So in-between seeing nature's wonders, spending time with our kids, and even playing good Samaritan for a disabled man who was hurt on a remote trail until the rangers and paramedics arrived, we still wondered about this dreadful Casden-zilla project that represents all that is corrupt about LA, and which is an iconic example of why our new Mayor must share our outgoing Mayor's original visions ... but not his willingness to betray his constituents. 

And it is an iconic example of why, after all this time, it DOES appear that our outgoing Mayor is willing to treat those who voted for him in the same manner that he treated his own family.  It is also an iconic example of why our new Mayor must both lead and respect, demand more of and fight for, Angelenos of all geographies and socioeconomic backgrounds...and that he must treat us with the same quiet, steady devotion he has for his own family. 

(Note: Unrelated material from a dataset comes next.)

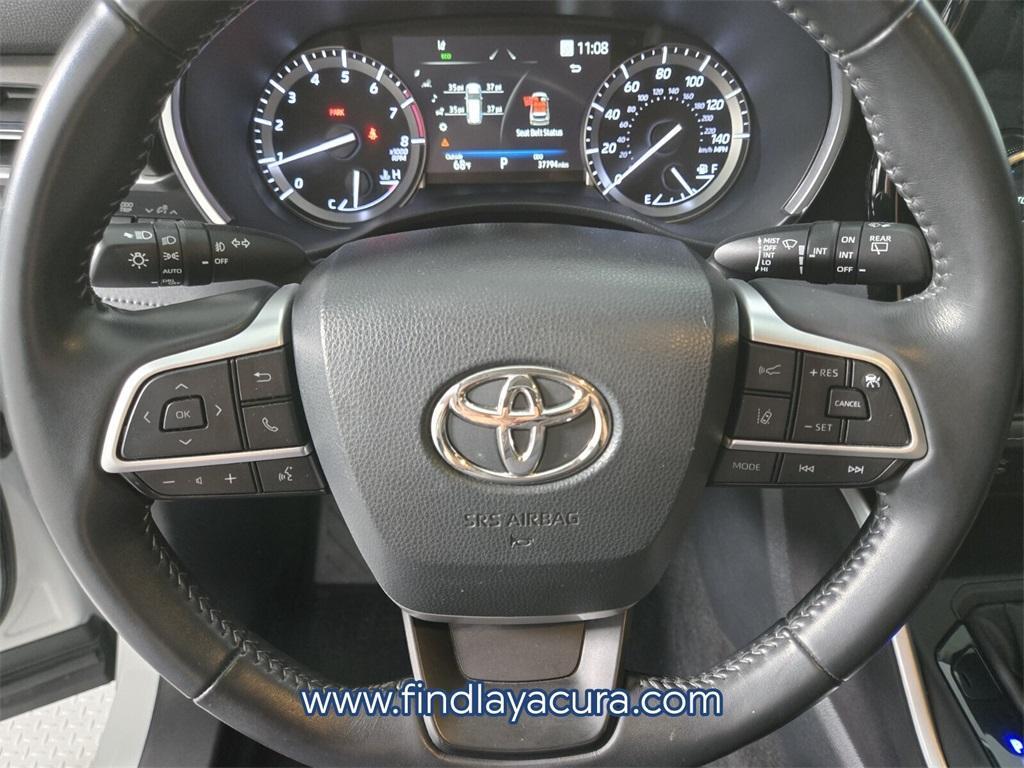 used 2022 Toyota Highlander car, priced at $35,177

Along with the ridiculously, intelligence-insultingly oversized Hollywood Millennium Project, the Casden Sepulveda project is an environmental and infrastructural disaster that threatens the very credibility of the otherwise-venerable causes of Mass Transit, Affordable Housing and Environmental Sustainability. 

Here in Utah, which is hardly a liberal state, these causes have a great deal of credibility and respect by both residents and visitors alike.  Light rail transit is expanding in Salt Lake City, and both Zion and Bryce National Parks are primarily accessible by shuttles in order to sustain the viability of the roads, minimize the need for parking, encourage environmentally-smart transportation, and minimize human impact on Nature's greatest treasures. 

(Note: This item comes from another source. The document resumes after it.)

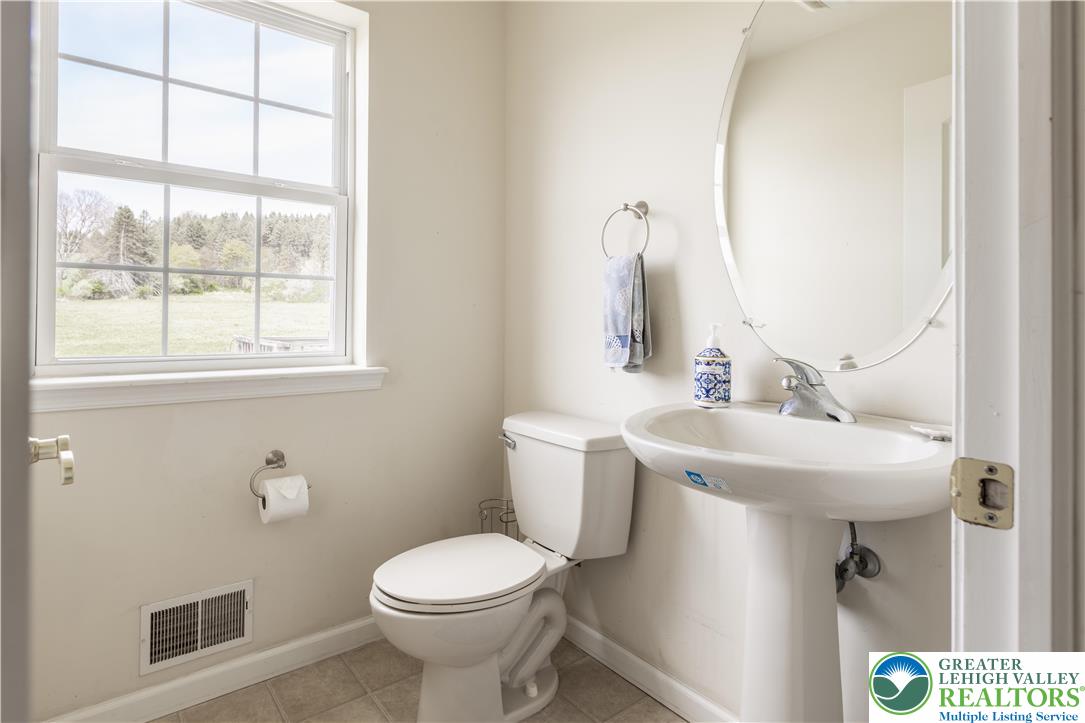 707 Gilbert Road Gilbert, PA 18331 - Photo 6 of 46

Cost-effective conservationism isn't liberal or conservative...it's just plain principled. 

However, the buzzwords of Environmentalism, Affordable Housing and Mass Transit can be warped and used (as they are for the Casden Sepulveda and Hollywood Millennium projects) for great harm--because if a powerful developer, enabled by someone powerful like, say, outgoing Mayor Villaraigosa SAYS something is environmentally wonderful then opposing it makes you a horrid NIMBY...

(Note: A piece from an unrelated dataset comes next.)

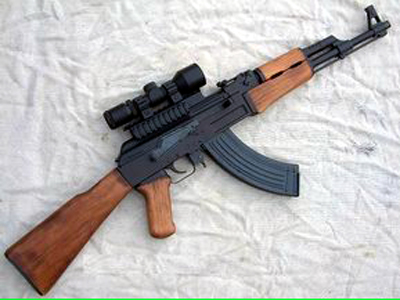 Θεσσαλονίκη: Καλάσνικοφ στα χέρια σεσημασμένων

...even if you're an ardent environmentalist trying to speak truth to power.  And if this environmentalist (say, like myself or those from the Sierra Club and Friends4Expo Transit who actually fought former Mayor Riordan and Supervisors Yaroslavsky and Burke to create the Expo Line) claims that the Casden Sepulveda project is as transit-oriented as an iguana covered in dog fur is truly a dog, then we must hate dogs ... right? 

And we probably hate kittens and babies, too, right?  But an iguana is still an iguana, and the Casden Sepulveda project is too outreach-deficient, environmentally-frightening, car-oriented, and oversized to be an example of proper Planning, whether it be car- or transit-oriented.   

Neither the Casden Sepulveda nor the Hollywood Millennium projects are allowed in other cities, and they shouldn't be allowed--let alone enabled--in Los Angeles, either.  Neighborhood Councils opposing these projects have been as much a needed tool to fight Downtown oppression as any, and it's impossible for Angelenos to pay both for the lawsuits to fend off said oppression and the taxes that the same Downtown is itching to impose on them. 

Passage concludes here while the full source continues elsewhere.